Double Blow for Beijing as Italy Says ‘Ciao’ to Belt and Road Boondoggle — and Washington Jump Starts Investments in Africa

Prime Minister Meloni’s course correction on lopsided commercial deals is shot across the bow to China’s communist mandarins.

Parker Song - Pool/Getty Images
Italy's prime minister, Giuseppe Conte, left, and President Xi at Beijing in 2019. Parker Song - Pool/Getty Images

Communist China’s Belt and Road initiative is being dealt a serious blow this week as Italy officially quit it, a move that will complicate Beijing’s quest for domination of major global infrastructure projects. Prime Minister Giorgia Meloni on Thursday told reporters in the Bel Paese.

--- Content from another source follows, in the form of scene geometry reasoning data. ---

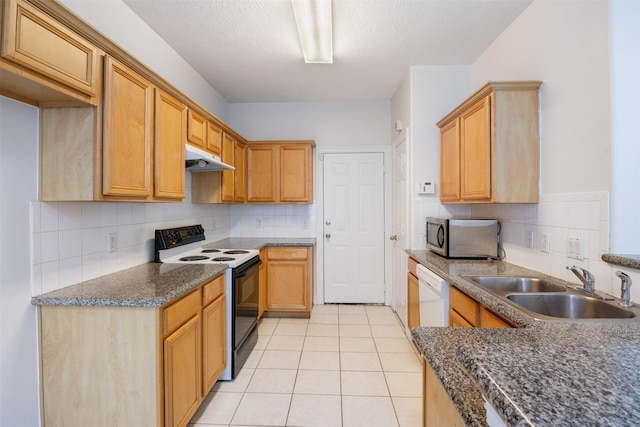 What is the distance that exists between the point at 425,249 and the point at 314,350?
56.5 inches

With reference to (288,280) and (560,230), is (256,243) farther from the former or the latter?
(560,230)

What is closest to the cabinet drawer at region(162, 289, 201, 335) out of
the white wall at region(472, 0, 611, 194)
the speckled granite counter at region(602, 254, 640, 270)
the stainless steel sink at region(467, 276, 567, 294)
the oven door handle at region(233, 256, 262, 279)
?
the oven door handle at region(233, 256, 262, 279)

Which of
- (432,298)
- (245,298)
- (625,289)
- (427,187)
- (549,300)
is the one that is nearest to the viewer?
(625,289)

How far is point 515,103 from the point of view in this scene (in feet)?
6.32

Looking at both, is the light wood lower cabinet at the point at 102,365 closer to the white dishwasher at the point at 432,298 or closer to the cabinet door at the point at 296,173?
the white dishwasher at the point at 432,298

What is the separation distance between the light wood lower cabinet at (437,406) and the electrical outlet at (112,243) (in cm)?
193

“I think we should maintain and improve trade and economic cooperation relations with China, but the Silk Road instrument has not given the expected results,” Signora Meloni said. She has been rising in regard among those watching the accession of right of center leaders in Europe.

That the Italian move was not unexpected was reflected in a too-clever-by-half statement made by the Chinese foreign ministry spokesman, Wang Wenbin, ahead of Signora Meloni’s  announcement. “China opposes the denigration and sabotage of the initiative” as well as the “confrontation between blocs,” Mr. Wenbin whinged.

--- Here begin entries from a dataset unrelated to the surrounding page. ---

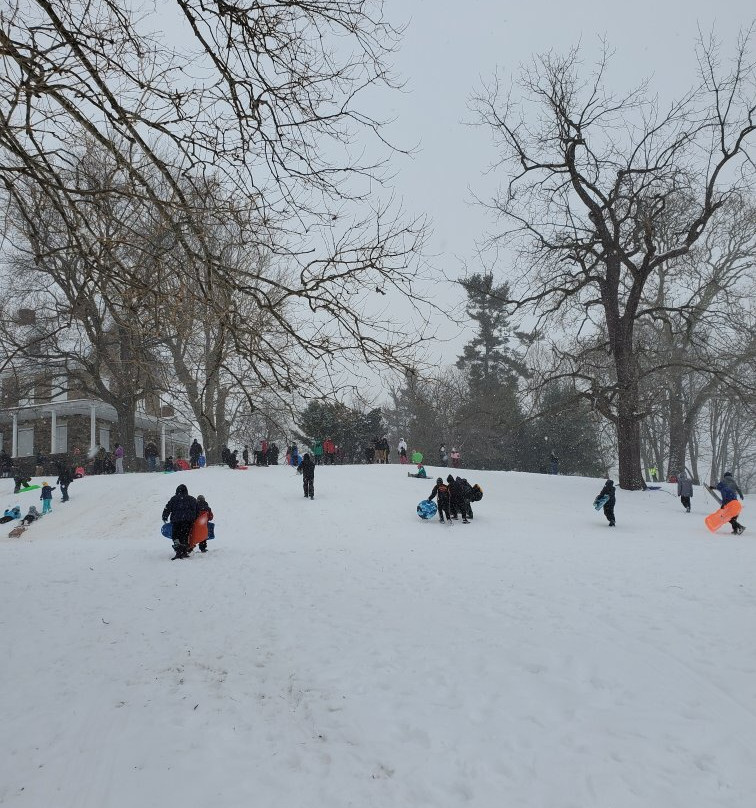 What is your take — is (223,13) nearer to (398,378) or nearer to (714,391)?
(398,378)

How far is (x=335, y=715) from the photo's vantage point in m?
4.85

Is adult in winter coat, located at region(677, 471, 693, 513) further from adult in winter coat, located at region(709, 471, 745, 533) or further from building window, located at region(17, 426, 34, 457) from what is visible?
building window, located at region(17, 426, 34, 457)

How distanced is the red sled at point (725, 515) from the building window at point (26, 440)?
35219 millimetres

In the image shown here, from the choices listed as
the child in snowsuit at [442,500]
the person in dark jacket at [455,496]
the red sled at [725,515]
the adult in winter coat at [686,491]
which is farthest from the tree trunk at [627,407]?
the child in snowsuit at [442,500]

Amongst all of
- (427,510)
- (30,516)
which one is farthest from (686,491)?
(30,516)

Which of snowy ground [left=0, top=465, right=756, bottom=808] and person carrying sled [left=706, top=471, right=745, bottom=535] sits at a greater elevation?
person carrying sled [left=706, top=471, right=745, bottom=535]

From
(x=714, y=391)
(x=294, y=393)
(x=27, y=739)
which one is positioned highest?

Italy formally exited Belt and Road, the initiative long championed by President Xi, with a letter delivered to Beijing. Italy had signed up for the initiative in 2019. It was the only G-7 country to do so. The writing has been on the Great Wall, so to speak, for months now. 

Shortly after a meeting in the summer between Signora Meloni and President Biden at the White House, Italy’s defense minister, Guido Crosetto, slammed Rome’s decision to tango with Beijing as “improvised and atrocious.” 

Instead of an increase in Italian exports to China, Mr. Crosetto said the deal “led to a double negative result. We exported a load of oranges to China, they tripled exports to Italy in three years.” Italy’s economy is the third-largest in the European Union.

According to Italian trade data, the country’s exports to China rose modestly to 16.4 billion euros last year from 13 billion euros in 2019, while Chinese exports to Italy nearly doubled.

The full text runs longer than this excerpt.